La insurrección de los chalecos amarillos demanda una justicia fiscal y social

 

“Pour une justice fiscale et sociale” es la consigna que resume la revuelta de los chalecos amarillos. Mientras muchos comentaristas anunciaban posibles estallidos sociales durante octubre y noviembre, el gobierno seguía aferrado a la esperanza de que la gente se resignara y aceptara la batería de aumentos de combustibles, impuestos y servicios previstos para comienzos de 2019. No fue así.

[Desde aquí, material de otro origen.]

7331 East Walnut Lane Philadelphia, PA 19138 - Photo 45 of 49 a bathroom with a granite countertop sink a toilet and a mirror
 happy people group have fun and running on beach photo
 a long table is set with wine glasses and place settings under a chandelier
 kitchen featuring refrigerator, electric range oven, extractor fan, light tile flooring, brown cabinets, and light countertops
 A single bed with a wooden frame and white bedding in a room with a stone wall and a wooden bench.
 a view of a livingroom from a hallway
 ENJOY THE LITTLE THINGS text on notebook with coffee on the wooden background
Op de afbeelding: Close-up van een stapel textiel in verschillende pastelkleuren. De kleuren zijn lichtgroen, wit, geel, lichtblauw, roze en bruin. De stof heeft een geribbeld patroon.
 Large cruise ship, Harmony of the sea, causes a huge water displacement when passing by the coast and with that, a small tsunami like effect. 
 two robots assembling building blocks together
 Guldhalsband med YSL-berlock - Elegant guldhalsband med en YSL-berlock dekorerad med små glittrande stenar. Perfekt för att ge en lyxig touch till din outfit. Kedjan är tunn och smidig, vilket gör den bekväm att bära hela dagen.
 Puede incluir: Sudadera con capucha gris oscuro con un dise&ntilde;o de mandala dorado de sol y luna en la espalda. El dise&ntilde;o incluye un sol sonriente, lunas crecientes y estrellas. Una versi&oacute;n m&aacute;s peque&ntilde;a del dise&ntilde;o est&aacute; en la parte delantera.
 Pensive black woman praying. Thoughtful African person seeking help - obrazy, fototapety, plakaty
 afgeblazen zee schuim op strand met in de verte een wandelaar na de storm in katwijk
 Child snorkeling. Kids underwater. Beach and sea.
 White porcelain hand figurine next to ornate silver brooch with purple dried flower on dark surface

Ni siquiera el oportunista maquillaje ecológico de las medidas pudo engañar ni aplacar la rabia de los franceses insurrectos. Esta fue la gota que desbordó el vaso. La gente está harta de que su poder adquisitivo disminuya. Hace tres gobiernos que les vienen cortando de a poco sus ingresos. Todo aumenta: la electricidad (en Francia todo es eléctrico incluida buena parte de la calefacción), los impuestos sobre las viviendas, a los jubilados, el precio de los cigarrillos, los peajes, la incidencia de nuevos sectores de gasto ligados a internet, la telefonía móvil e incluso los impuestos a los televisores. En cambio el salario mínimo permanece congelado en torno a 1145 Euros netos por mes, con lo cual es muy difícil vivir, especialmente para las madres solas con hijos.

Los salarios corren detrás de la inflación y desde hace treinta años la desocupación oscila entre 9 y 12%. El crecimiento económico ronda en torno al 2%, la deuda pública en torno al 100% del PIB, las exportaciones no compensan las importaciones y el sector manufacturero cada vez tiene menos peso. La desocupación afecta a unos seis millones de trabajadores, aunque algunos tengan alguna changa. Nueve millones se hallan por debajo de la línea de la pobreza –60% del salario mínimo—. Y si no son muchos más se debe a la asistencia estatal, entre las más altas del mundo. El gasto público supera el 50%, sólo superado por Dinamarca, pero por encima de Suecia, Finlandia y aún Alemania, ni que hablar del Reino Unido. A pesar de ello la sensación que tienen las llamadas clases populares es que sus ingresos cada vez alcanzan para menos.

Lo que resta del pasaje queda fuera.